Seema Verma on Tuesday laid out a sweeping plan for data-driven oversight and enforcement across the health care spectrum, and took a similarly broad view of her agency’s regulatory plans when directly asked about potential changes to the new Medicare payment model for nursing homes.
Specifically citing the early success of the agency’s recent push to bolster nursing home oversight, the Centers for Medicare & Medicaid Services (CMS) administrator rolled out a four-part plan targeting the entire health care industry — centered around establishing clear performance benchmarks, boosting enforcement efforts, promoting transparency, and improving quality outcomes.
“Last year, we launched a framework for ensuring safety and quality in nursing homes,” Verma said in a speech at the 2020 CMS Quality Conference in Baltimore. “This framework has shaped all of our work on nursing home quality, and in fact, was so successful that we decided to replicate it across the agency and in all our programs in 2020 and beyond.”
That initiative has manifested itself in a variety of moves from CMS, from the introduction of a controversial warning icon for nursing homes with recent reports of abuse to a coming overhaul of the Nursing Home Compare website for consumers.
But when asked if the enforcement push will extend to the new Patient-Driven Payment Model (PDPM), Verma framed the CMS reform efforts as more inward-facing.

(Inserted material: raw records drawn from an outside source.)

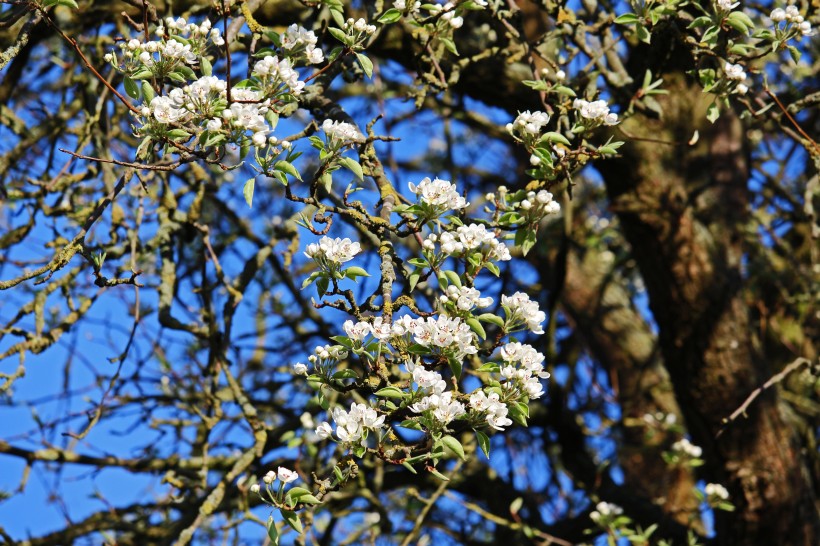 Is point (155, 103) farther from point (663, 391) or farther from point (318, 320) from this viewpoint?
point (663, 391)

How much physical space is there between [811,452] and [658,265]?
4.74ft

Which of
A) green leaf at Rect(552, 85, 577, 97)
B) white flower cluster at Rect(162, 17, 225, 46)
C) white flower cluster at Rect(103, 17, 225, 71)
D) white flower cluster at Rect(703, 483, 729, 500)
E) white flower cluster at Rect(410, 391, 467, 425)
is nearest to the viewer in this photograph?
white flower cluster at Rect(410, 391, 467, 425)

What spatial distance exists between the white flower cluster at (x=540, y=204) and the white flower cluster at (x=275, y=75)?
2.14 feet

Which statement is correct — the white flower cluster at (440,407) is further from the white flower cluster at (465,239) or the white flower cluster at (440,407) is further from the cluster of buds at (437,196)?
the cluster of buds at (437,196)

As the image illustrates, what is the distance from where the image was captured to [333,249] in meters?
1.98

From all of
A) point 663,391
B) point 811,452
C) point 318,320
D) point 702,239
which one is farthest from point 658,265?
point 663,391

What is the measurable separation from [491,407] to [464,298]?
0.80ft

“That second one, around enforcement and oversight, I think is more internal, where we’re reorganizing so that we can do a better job of having oversight over nursing homes — and really, quite frankly, all health care facilities,” Verma said on a post-speech call with health care reporters, referring to the second of CMS’s four main points.

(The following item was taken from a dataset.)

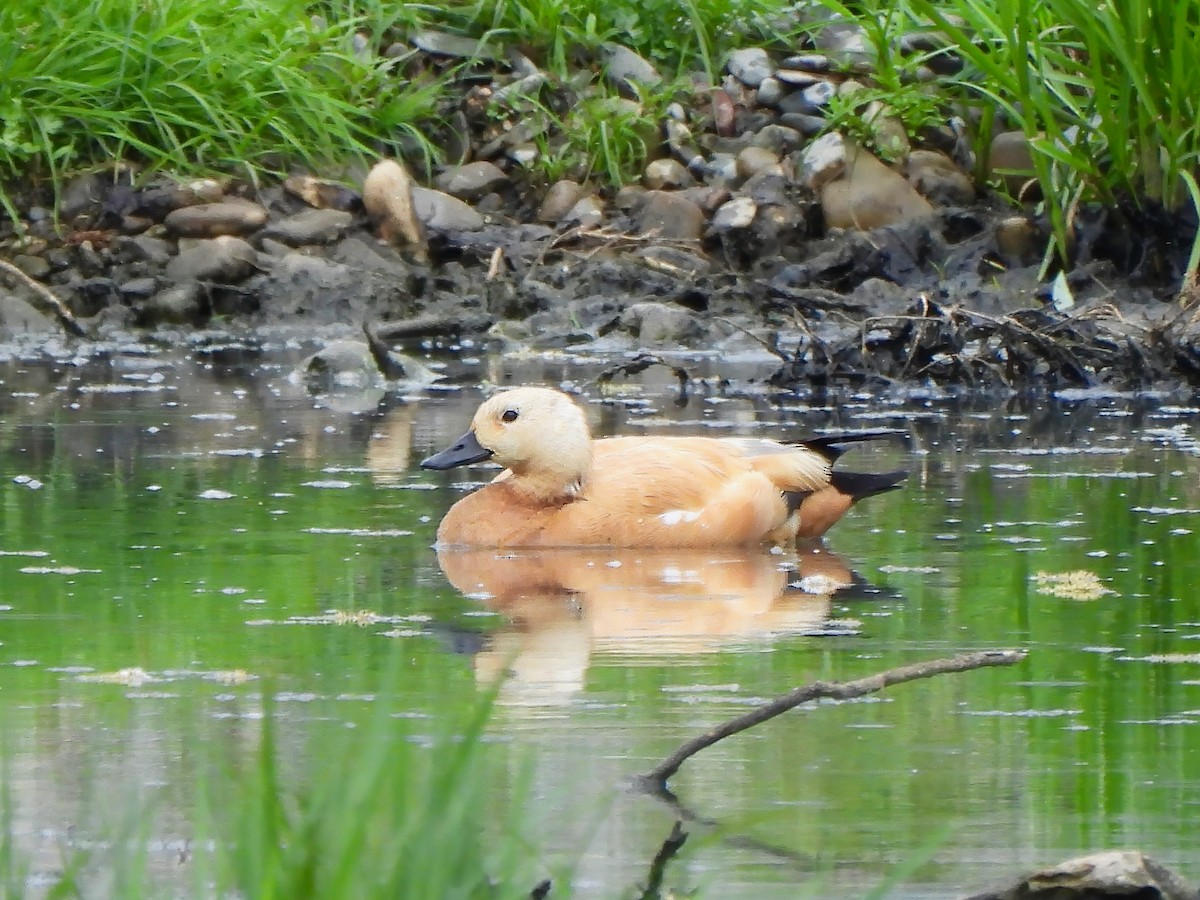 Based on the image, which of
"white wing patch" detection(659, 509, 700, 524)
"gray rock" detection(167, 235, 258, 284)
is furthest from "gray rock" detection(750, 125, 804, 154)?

CMS’s reaction — or potential lack thereof — to changing provider behavior in the immediate wake of PDPM remains the largest open question about the new Medicare payment model.
With the first round of earnings reports from publicly traded skilled nursing facility operators and landlords nearly complete, the industry has almost unilaterally agreed that the change has been neutral to positive, with multiple reports of modest revenue increases.
CMS’s stated goal of budget neutrality for the new payment model has raised some concerns that the federal government may adjust rates downward in the future to compensate for the early gains, or even claw back some of the additional funding once it has a chance to fully vet the data.
But at least from the industry’s perspective, those fears remain unfounded.
“I actually don’t expect a clawback. I think CMS, despite some comments, expected some positive growth,” Sabra Health Care REIT (Nasdaq: SBRA) Rick Matros said during his company’s fourth-quarter 2019 earnings call earlier this week.
Speaking at the eCap health care summit in Florida last week, American Health Care Association CEO Mark Parkinson took things a step further by positing that there simply isn’t enough time for CMS to implement any sweeping PDPM changes this year — and that any adjustments would likely come in October 2021, the start of the federal government’s 2022 fiscal year.
“I don’t think that CMS has, or we have, enough information now to currently act,” Parkinson said.
While Verma didn’t delve into the specifics of CMS’s pending PDPM plans, she emphasized on the call with reporters that the agency will continue to keep an eye on quality.
“As these new policies are implemented, it doesn’t change our commitment to quality care for patients,” she said. “It’s a different payment system. But the assurance around quality and safety has not changed.”
As CMS has in the past, Verma in her prepared remarks vowed to incorporate more consumer-focused information into its quality measures and reporting, while also using technology to more closely monitor operators. In particular, she described a future in which industry stakeholders and clinicians could send information to a single, centralized submission system, while government officials monitor clinical data and outcomes directly from operators’ electronic health record (EHR) systems.
“Moving to a system where we’re able to take quality data from the EHR, we can combine it with claims data, we can see what’s going on in program integrity,” Verma said on the call. “And we should be able to identify those high-quality providers on the front end, and then identify where we have weaknesses — I think, in a way, that’s been fairly unprecedented.”
In addition, CMS is working to streamline its expectations and quality measures across Medicare, Medicaid, and Medicare Advantage, Verma said during the discussion with reporters.
“We want to have one set of measures, so providers aren’t dealing with different measures,” she said.
In addition, Verma touted the success of the agency’s comprehensive nursing home reform plan in her speech, pointing to CMS’s efforts to standardize processes across the 10 regional offices that oversee state-level skilled nursing facility survey agencies.
“We are now using the same tools, conducting reviews in a more systematic and objective manner, and using data analytic tools to evaluate their performance,” she said in her prepared remarks. “We are also submitting cases with significant issues to a committee of CMS staff from across the nation to ensure that enforcement decisions [are] fair and consistent.”